#### [Required work]
Please make an exact copy of the listing, without the pictures.

#### [Data below]
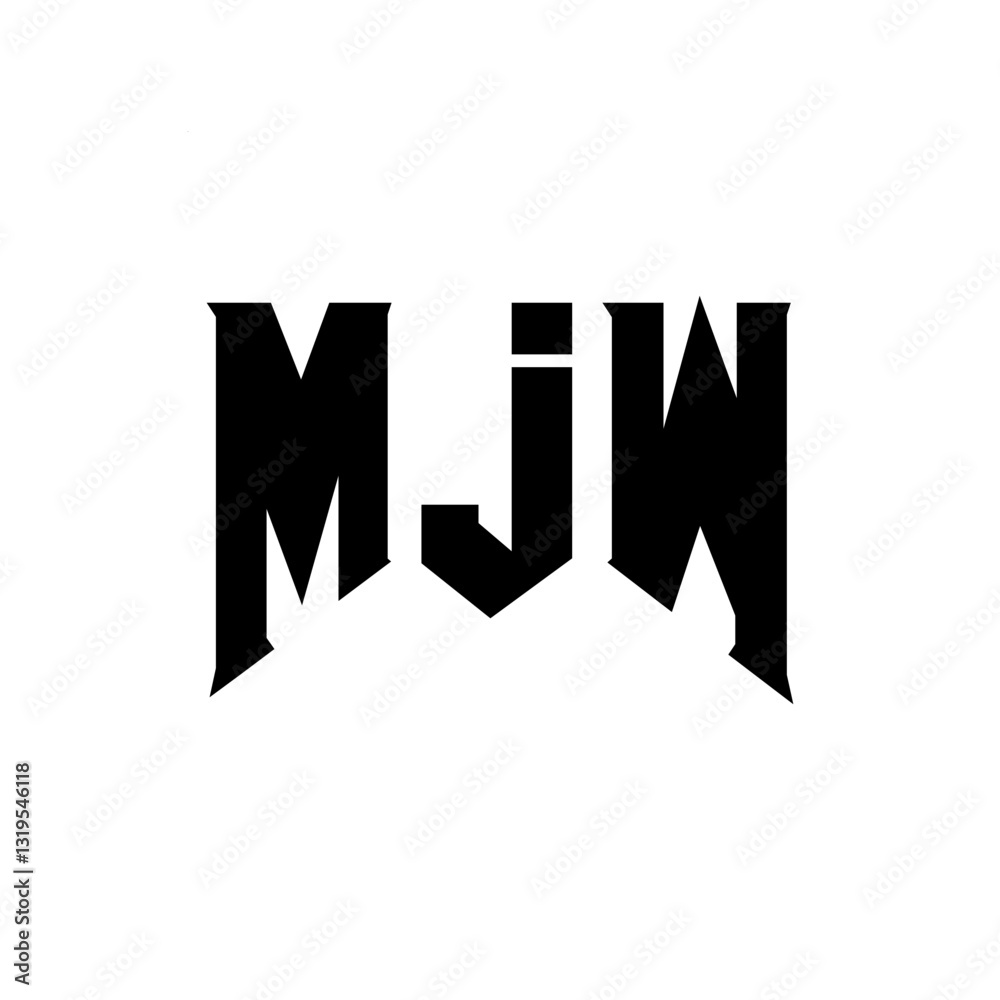 MJW letter logo design for technology company. MJW logo design black and white color combination. MJW logo, MJW vector, MJW design, MJW icon, MJW alphabet. MJW typography logo design.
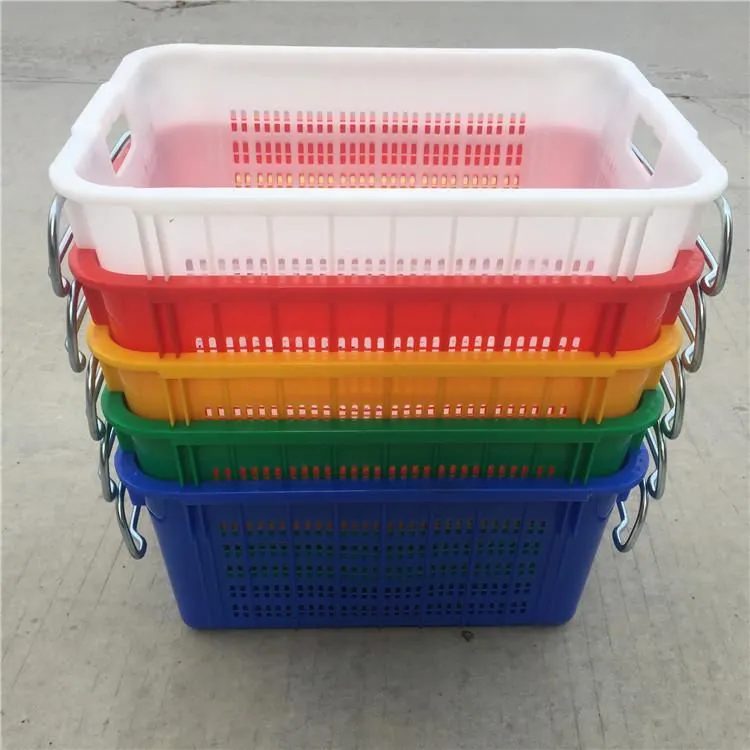 Stackable plastic crates with steel handles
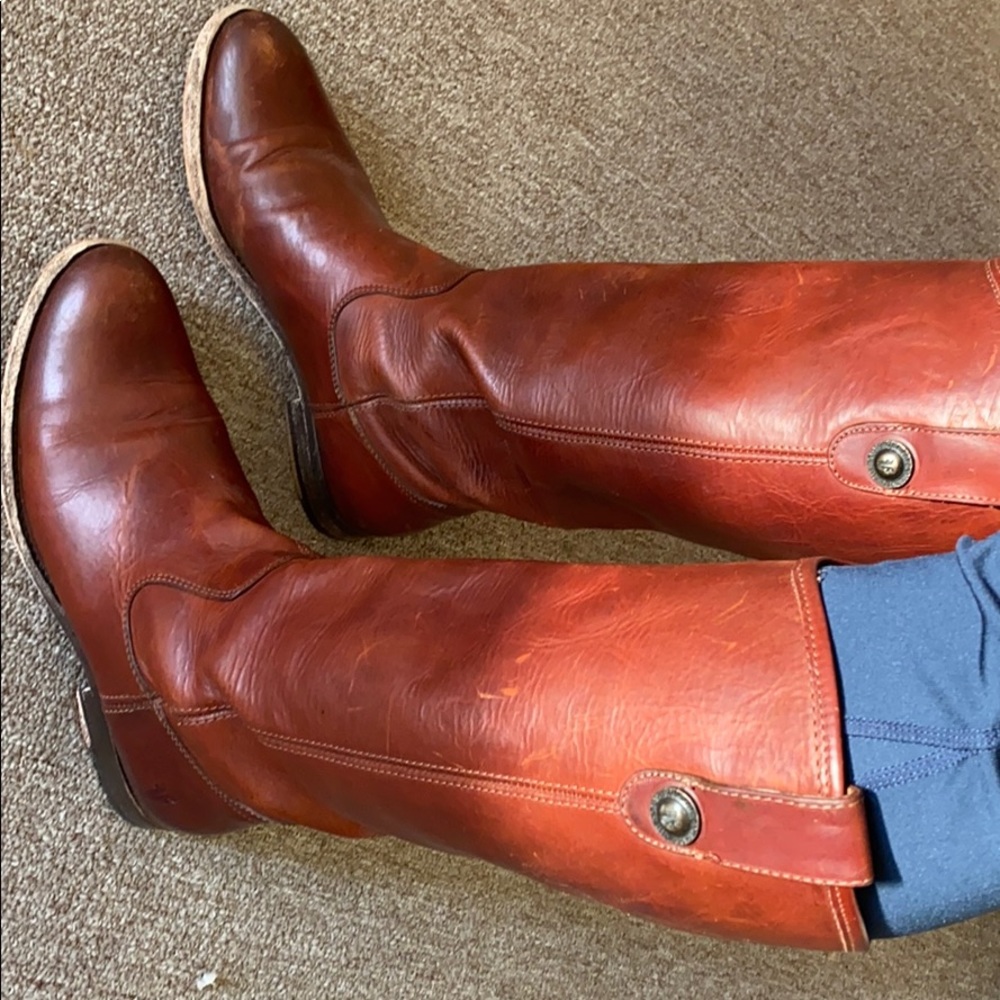 Frye melissa cognac leather boots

#### [Finished task]
 MJW letter logo design for technology company. MJW logo design black and white color combination. MJW logo, MJW vector, MJW design, MJW icon, MJW alphabet. MJW typography logo design.
 Stackable plastic crates with steel handles
 Frye melissa cognac leather boots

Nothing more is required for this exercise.